Some residents in Reading’s Oakbrook, Millmont and Wyomissing Park neighborhoods believe the streets could be a little bit cleaner.

City Council heard from members of the 18th Wonder Improvement Association on a proposed public-private partnership street sweeper program at council’s committee-of-the-whole meeting Monday night.

“Today we respectfully ask the City Council of Reading to invest in a 12-month pilot program,” said Tom Masano Jr., board member of the 18th Wonder.

The 18th Wonder comprises the Millmont, Oakbrook and Wyomissing Park neighborhoods and consists of 32 miles of roadways, 64 miles when you have to sweep both sides of the street.

Members from the 18th Wonder proposed a 12-month pilot program that would have a street sweeper clean the streets throughout the 18th Wonder, five days a week, including nights and weekends.

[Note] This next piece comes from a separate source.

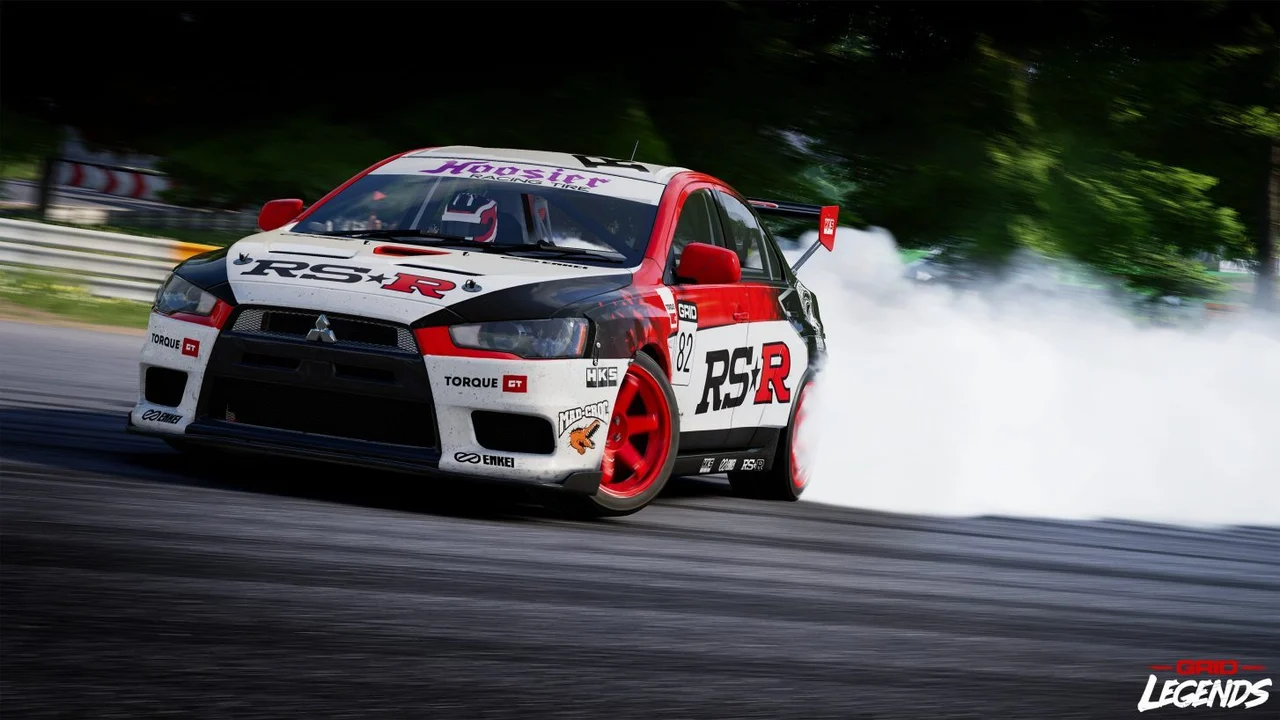 Drifting Mitsubishi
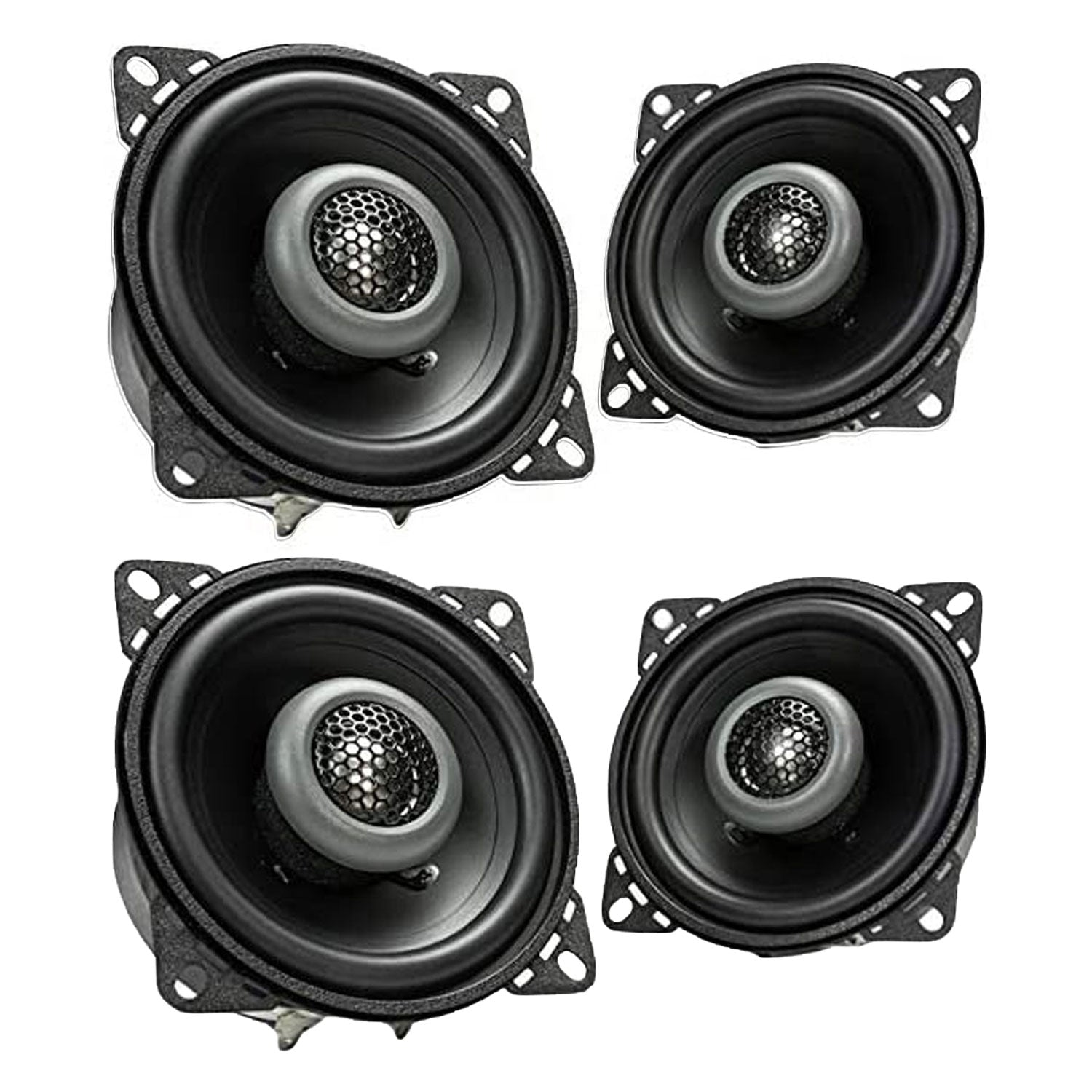 MB Quart Formula 4 Inch 2 Way Coaxial Car Audio Speakers Pair, Black (2 Pack) - VMInnovations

The estimated cost to run a diesel street sweeper and its associated costs was $259,500 or an electric street sweeper and its associated costs for $379,500, Masano said. The cost of the driver was included in the estimated costs, Masano said.

The presentation cited a 2020 study from Keep Pennsylvania Beautiful that concluded cities spend about four times as much to remove litter and dumped material as they do to prevent it from being generated in the first place.

“The litter and dumping issue remains in effect throughout the 18th Ward,” said Sarah Maraella, a graduate assistant of communications at Alvernia University’s O’Pake Institute and consultant to the 18th Wonder. “Ultimately, devaluing the community’s overall investment in solving these issues. Therefore we want to move forward with a more preventive approach through this project.”

The 2020 study pointed out that 89% of Reading’s more than $2 million in expenditures related to litter and illegal dumping are allocated to cleanup, as opposed to more proactive measures aimed at prevention.

“The problem of litter is an ongoing problem where we are spending 89% of our efforts on abatement which has been proven to be ineffective,” said Katie Hestor, graduate assistant of strategy at the O’Pake Institute and an 18th Wonder consultant. “Today we present to you a more preventive measure of street sweeping.”

Council President Jeffrey S. Waltman Sr. understands the need for street sweepers but believes they are not a preventive measure.

“We’ve led people to believe that it’s our job to pick up their trash,” he said. “I’ve seen it work against us. But I think we’ve created a lot of problems as well. Our street-sweeping program is a cover up for our inability to enforce keeping things clean.”

Accountability and oversight will be important, Masano said.

“To that end, I will be personally involved in this project,” he said.

Weekly meetings would be held at his business, Tom Masano Auto Park, where the amount of litter collected, route efficiency, feedback and costs would be discussed.

“My personal cellphone will be emblazoned in 3-foot high digits on the side of the sweeper,” Masano said.

While the 18th Wonder is hoping for the pilot program to be approved, Hestor said the goal was for a fully funded program.

“We believe the way to do that is through a public-private partnership,” Hestor said.

Members would reach out to the business community to offer shares in the project at $5,000 per share with a goal of $100,000 of private investment, she said.

Masano already pledged $10,000 to the project, Hestor said.

Councilwoman Melissa Ventura asked if the request was being made because the 18th Ward does not have regular street sweeping like the rest of the city or if it would be in addition to regular street sweeping.

The city has a street sweeper in the 18th Ward every Wednesday, Masano said.

“What we’re proposing is total saturation,” he said. “Have the street sweeper running five days a week, eight hours a day. I feel that is the only way we are really going to take care of the trash issue.”

Council was hesitant to approve a pilot program, but was not ready to throw the idea in the wastebasket.

The only way he would support the pilot program, Waltman said, is if Mayor Eddie Moran’s team supports it.

Managing Director Abraham Amoros said the administration would review the proposal.

“We will take this request internally and deliberate on it just like every single one,” he said. “We will certainly let you know what we think. We think some of the questions raised are legitimate, very valid.”